Employee insurance refers to insurance policies that an employer purchases to provide financial protection to employees and, in many cases, their dependents. It is typically structured as a group policy, meaning a single master policy covers all eligible employees rather than individual policies being issued to each person. The most common types of employee insurance that employers offer include:
- Group health insurance (GMC): Covers hospitalization, pre- and post-hospitalization expenses, daycare procedures, and, in better-designed plans, OPD expenses and maternity benefits. This is the most widely purchased form of employee insurance in India.
- Group personal accident insurance (GPA): Covers accidental death, permanent and partial disability, and temporary total disablement. It provides lump-sum and weekly benefits rather than reimbursing medical costs, and complements health insurance rather than overlapping with it.

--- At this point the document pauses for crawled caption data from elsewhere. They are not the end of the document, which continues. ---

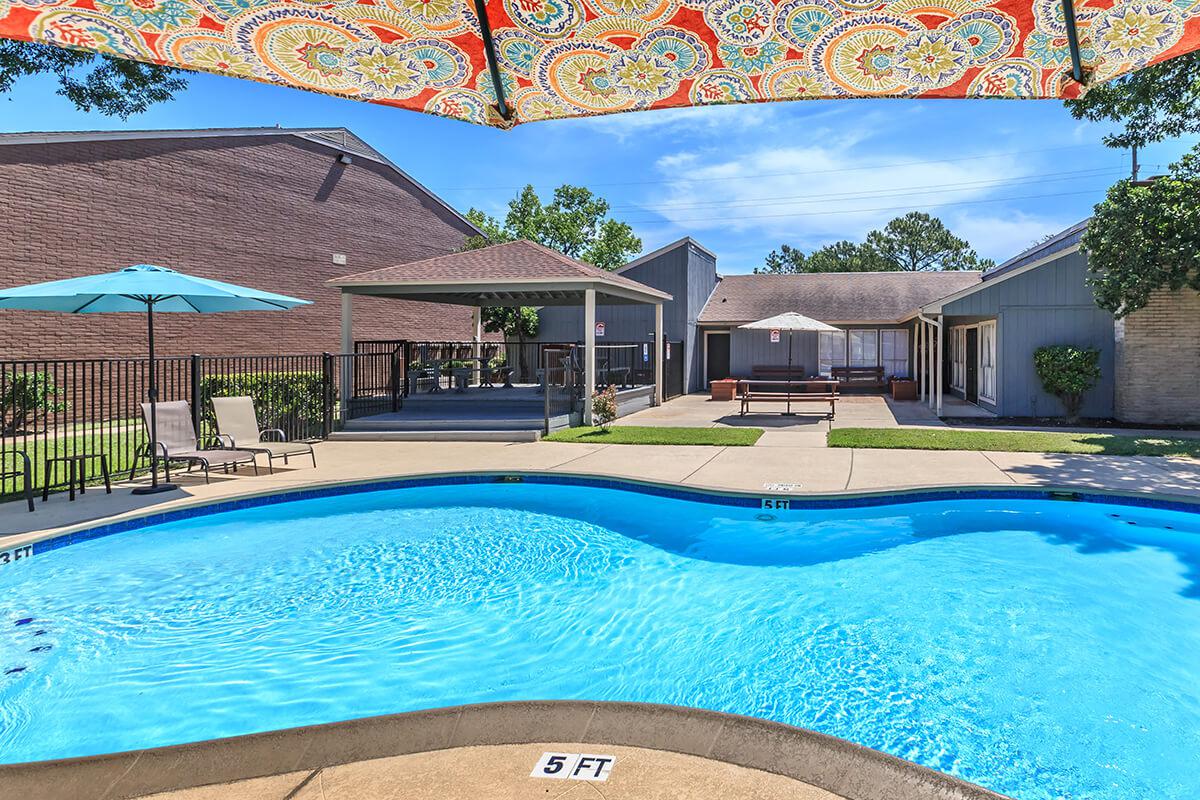 a blue umbrella sitting on the side of a swimming pool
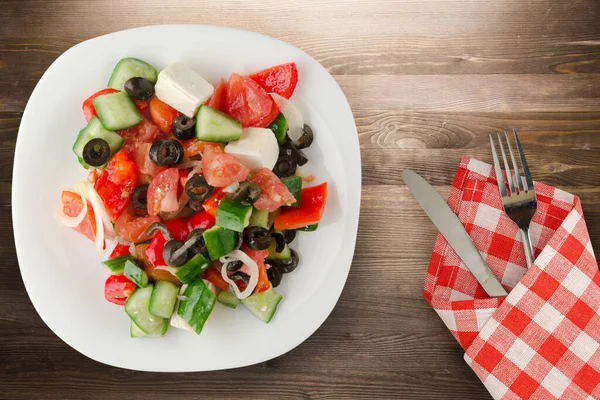 Greek Salad Brown Wooden Background Greek Salad White Plate Fork — Stock Photo, Image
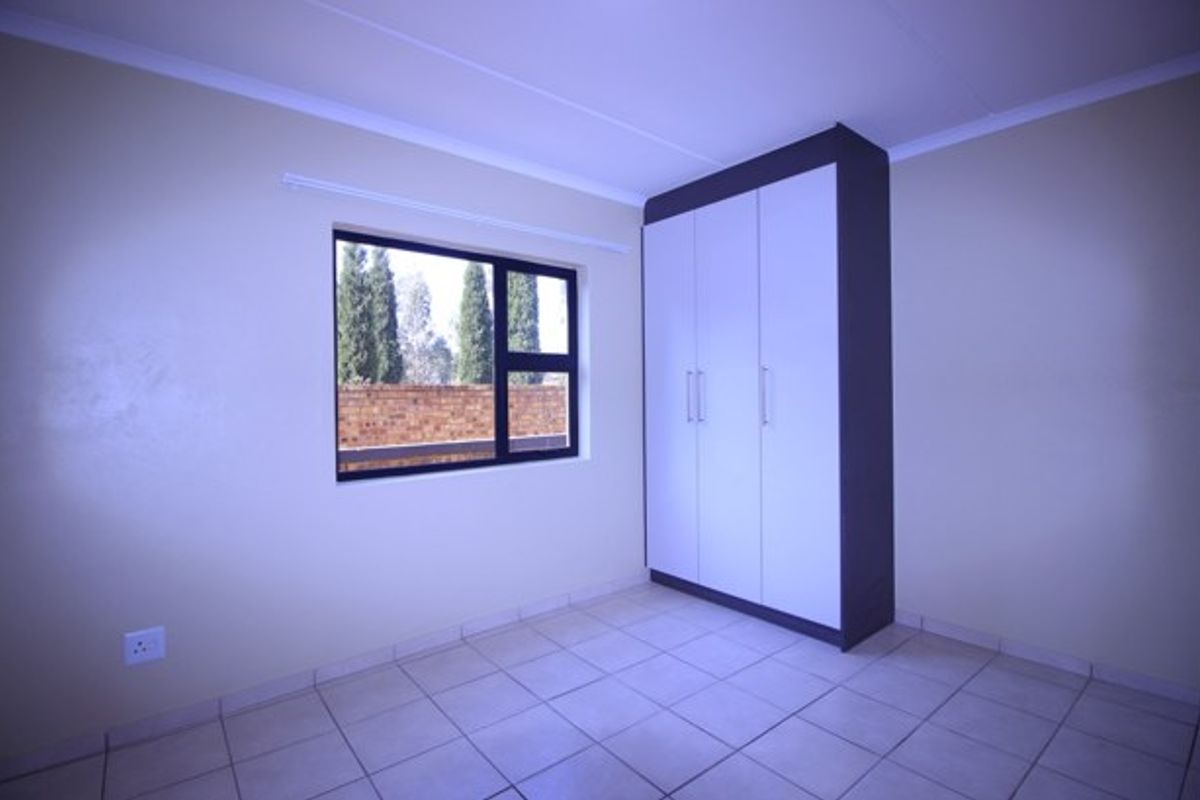 A clean, empty bedroom featuring neutral tiled flooring, a modern built-in wardrobe, and an aluminium-framed window providing natural light.
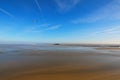 Low tide in front of Mont Saint-Michel abbey. Amazing landmark. Sunny spring morning view. Normandy, France, Europe Royalty Free Stock Photo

- Group term life insurance (GTL): Provides a defined life cover payout to the employee's nominee in the event of death during the policy period. It is increasingly offered alongside group health insurance as part of a comprehensive benefits package.
- Group critical illness insurance: Pays a lump sum on diagnosis of defined critical conditions such as cancer, cardiac events, or stroke, giving employees financial support beyond what hospitalization coverage provides.
- Employee Assistance Programs (EAPs): While not insurance in the traditional sense, EAPs are increasingly bundled with or offered alongside group health insurance to provide mental health and counseling support.
The focus of this blog is primarily on group health insurance, since it is the most complex, highest-cost, and most frequently mismanaged category of employee insurance.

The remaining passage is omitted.